• _Task to carry out_:
Could you copy exactly the lines from the one containing "我喜欢街头摄影，要不要选28mm镜头？" through the last line of the records below, and nothing else?

Brief descriptive captions:
--- START ---

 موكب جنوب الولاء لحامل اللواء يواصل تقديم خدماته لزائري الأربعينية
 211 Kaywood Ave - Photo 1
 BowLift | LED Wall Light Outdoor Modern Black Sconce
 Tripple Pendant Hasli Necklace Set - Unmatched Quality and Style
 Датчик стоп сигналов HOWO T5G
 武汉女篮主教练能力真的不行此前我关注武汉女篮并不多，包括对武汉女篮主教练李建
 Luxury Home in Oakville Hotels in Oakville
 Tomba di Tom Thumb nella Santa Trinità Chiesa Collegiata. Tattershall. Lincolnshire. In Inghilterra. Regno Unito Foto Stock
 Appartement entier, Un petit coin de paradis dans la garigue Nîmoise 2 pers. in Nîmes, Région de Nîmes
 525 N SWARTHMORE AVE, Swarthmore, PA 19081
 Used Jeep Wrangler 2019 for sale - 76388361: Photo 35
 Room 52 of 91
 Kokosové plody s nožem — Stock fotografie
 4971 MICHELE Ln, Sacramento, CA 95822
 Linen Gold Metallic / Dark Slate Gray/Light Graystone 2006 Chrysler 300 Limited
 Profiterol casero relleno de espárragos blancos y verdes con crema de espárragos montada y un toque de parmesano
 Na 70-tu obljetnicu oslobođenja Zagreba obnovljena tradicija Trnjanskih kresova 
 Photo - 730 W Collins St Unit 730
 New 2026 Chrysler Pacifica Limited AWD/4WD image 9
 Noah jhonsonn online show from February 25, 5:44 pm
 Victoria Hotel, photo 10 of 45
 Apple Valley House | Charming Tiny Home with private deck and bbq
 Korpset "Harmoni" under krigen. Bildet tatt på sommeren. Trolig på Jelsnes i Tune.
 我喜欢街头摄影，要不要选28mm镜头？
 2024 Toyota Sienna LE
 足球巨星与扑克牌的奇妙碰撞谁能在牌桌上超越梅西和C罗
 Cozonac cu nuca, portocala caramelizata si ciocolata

--- END ---

• _Solution to this exercise_:
 我喜欢街头摄影，要不要选28mm镜头？
 2024 Toyota Sienna LE
 足球巨星与扑克牌的奇妙碰撞谁能在牌桌上超越梅西和C罗
 Cozonac cu nuca, portocala caramelizata si ciocolata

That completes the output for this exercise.